I’m reluctant to start with the end state, because pretty much anyone reading this, including those who aspire to be semantic banks, will find this to be a “bridge too far.”  Bear with me.  I know this will take at least a decade, perhaps longer to achieve.  However, having the end in mind, allows us to understand with a clarity few currently have, exactly where it is we are wasting our money now.

If we had the benefit of time and could look back from 2026 and ask ourselves “which of our investments in 2016 were really investments, and which were wastes of money?” how would we handicap the projects we are now funding?  Now to be clear, not all expenditures need to be leading to the semantic future.  There are tactical projects that are worth so much in the short term that we can overlook the fact that we are anti-investing the future.  But we should be aware of when we are doing this, and it should be an exception. The semantic bank of the future will be the organization that can intentionally divert the greatest percent of their current IT capital spend toward their semantic future.

A Semantic Bank will be known by the extent to which its information systems are mediated by a single (potentially fractal, but with a single simple core) conceptual model.  Unlike conceptual models of the past, this one will be directly implemented.  That is, a query to the conceptual model will return production data, and a transaction expressed in conceptual model terms will be committed, subject to permissions and constraints which will also be semantically described.

Semantics?

For those who just wandered into this conversation: semantics is the study of meaning.  Semantic Technology allows us to implement systems, and to integrate systems at the level of conceptual meaning, rather that the level of structural description (which is what traditional technology relies on).
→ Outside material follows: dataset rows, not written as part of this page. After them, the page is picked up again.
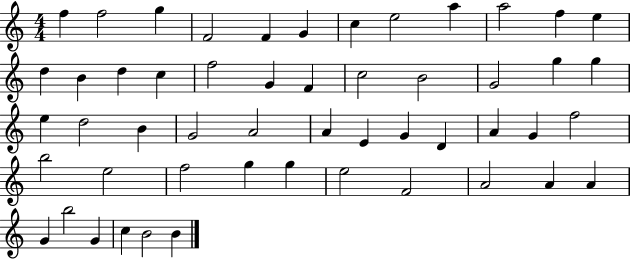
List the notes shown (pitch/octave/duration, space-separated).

F5/q F5/h G5/q F4/h F4/q G4/q C5/q E5/h A5/q A5/h F5/q E5/q D5/q B4/q D5/q C5/q F5/h G4/q F4/q C5/h B4/h G4/h G5/q G5/q E5/q D5/h B4/q G4/h A4/h A4/q E4/q G4/q D4/q A4/q G4/q F5/h B5/h E5/h F5/h G5/q G5/q E5/h F4/h A4/h A4/q A4/q G4/q B5/h G4/q C5/q B4/h B4/q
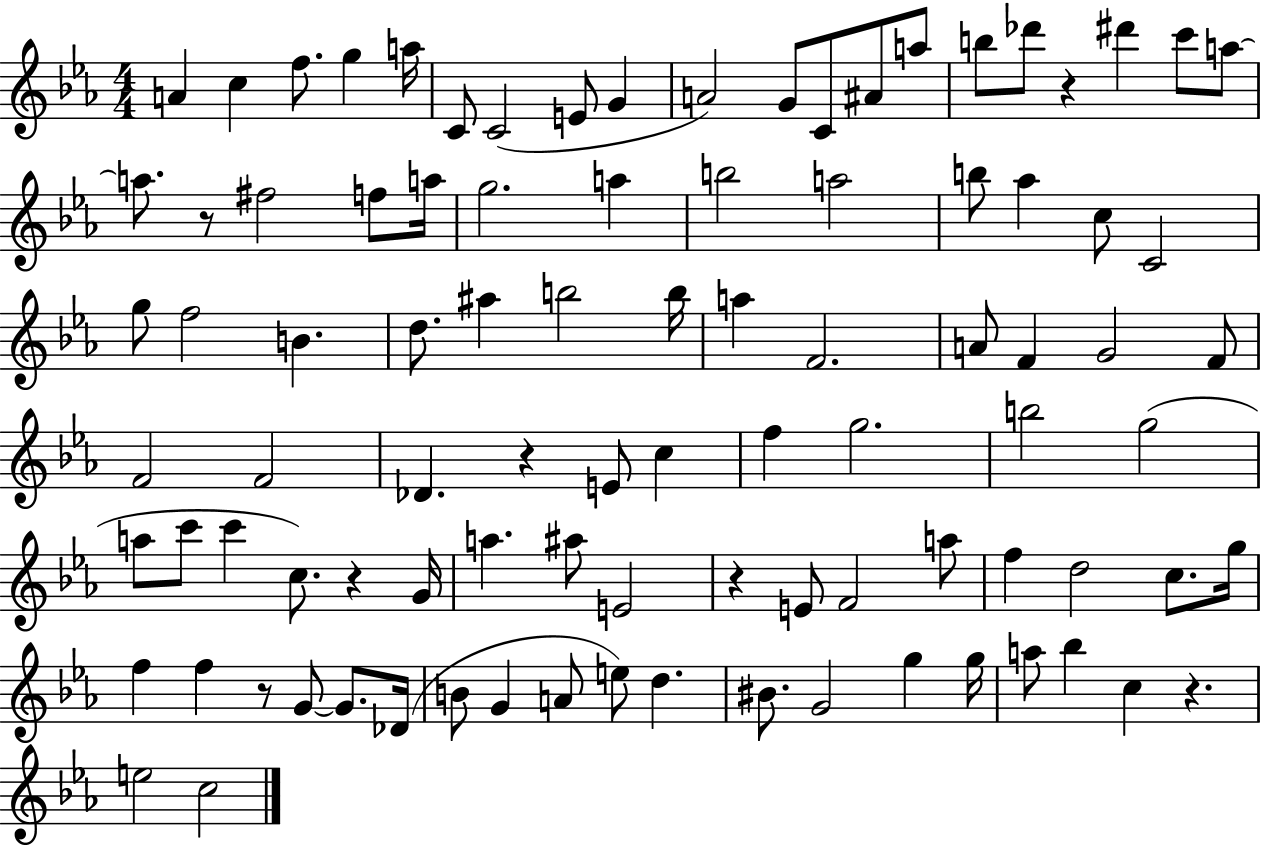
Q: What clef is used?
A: treble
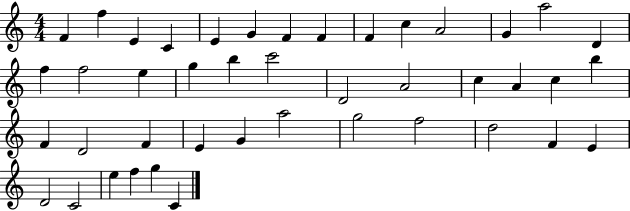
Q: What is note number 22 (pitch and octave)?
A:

It may sound like a bit of hair splitting, but the hair splitting is very significant in this case.  This technology allows practitioners to drop the costs of development, integration and change by over an order of magnitude, and allows incorporation of data types (unstructured, semi structure and social media for instance) that hitherto were difficult to impossible to integrate.

It accomplishes this through a couple of interesting departures from traditional development:

  • All data is represented in a single format (the triple). There aren’t hundreds or thousands of different tables, there is just the triple.
  • Each triple is an assertion, a mini sentence composed of a subject, predicate and object. All data can be reduced to a set of triples.
  • All the subjects, all the predicates, and most of the objects are identified with globally unique identifiers (URIs, which are analogous to URLs)
  • Because the identifiers are globally unique, the system can join records, without an analyst or programming having to write the explicit joins.
  • A database that assembles triples like this, is called a “triple store” and is in the family of “graph databases.” A semantic triple store is different from a non semantic database in that it is standards compliant and supports a very rich schema (even though it is not dependent on having a schema).
  • Every individually identifiable thing (whether a person, a bank account or even the concept of “Bank Account”) is given a uri. Whereever the uri is stored or used it always means exactly the same thing.  Meaning is not dependent on context or location.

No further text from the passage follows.